I am not aware, I would have to look, if there has been data to look at what concentration is most likely to prevent long-term effects on the thyroid as well but definitely, this is something we are more concerned about as the patient continues their treatment and hypothyroidism in particular, is the adverse effect we are looking out for.

TAMARA LEWIS JOHNSON: Great. Dr. Blumberg, there is a question that just came in wanting to know, is the BE-SMART intervention currently available for patients?

HILARY PATRICIA BLUMBERG: Thank you for the question, I am pretty fond of the BE-SMART intervention, as you have gathered. We have active studies currently with BE-SMART. So if there is interest, please feel free to contact me. You can email me or if there are ways to contact the people that are involved in this program, we would be happy to speak with you.

TAMARA LEWIS JOHNSON: Great. I think I just wanted to close out with one question, often times people, this is a question, oftentimes people living with bipolar disorder may have a substance abuse addiction and may suffer from other things, like job stress or ability to keep a job.

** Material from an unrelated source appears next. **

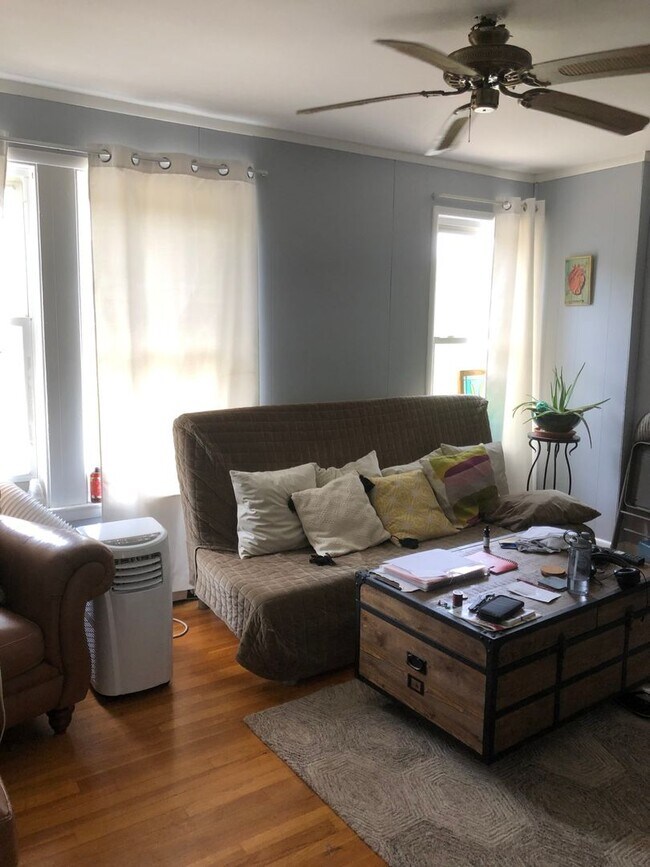 Foto del edificio - 13 High St Pl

What would you say to individuals or families that are working with young people that may have those co-occurring conditions, Dr. Clark?

CRYSTAL TENNILLE CLARK: I definitely think there needs to be much more research into these different social stressors, as well as compliance and how we can increase compliance of treatment. Not that there are some treatment resistant cases out there, which is a whole other area that needs to be studied. But more often than not, it is the buy-in, and then having appropriate follow-up and compliance but also some finding of ways to manage those stressors in a way that is helpful for the illness. Dr. Blumberg mentioned IPSRT, interpersonal social rhythms therapy, and the structure of that therapy creates is extremely important, of course, some stressors disrupt that structure. We have to find ways to help patients manage that. There needs to be research there too.

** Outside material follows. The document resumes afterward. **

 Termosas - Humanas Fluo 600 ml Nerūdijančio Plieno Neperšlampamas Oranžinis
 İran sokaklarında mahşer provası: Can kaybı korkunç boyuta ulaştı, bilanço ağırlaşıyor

TAMARA LEWIS JOHNSON: Great. We are right at 2:30. I want to thank both Drs. Clark and Blumberg for a very informative and insightful and research agenda setting, presentation. I thank all of the viewers who stayed with us through the entire webinar. If you have any questions, whatsoever, feel free to send an email to the email address on the screen here.

This webinar, as I said earlier, is being recorded and there will be a transcript available for all who have registered, and it will be on our NIMH ODWD website in the coming weeks. Thank you everyone who attended, thank you Dr. Clark, thank you everyone who supported the production of this webinar and I hope that many of you tune in for the upcoming webinars that our office is offering. Thank you again.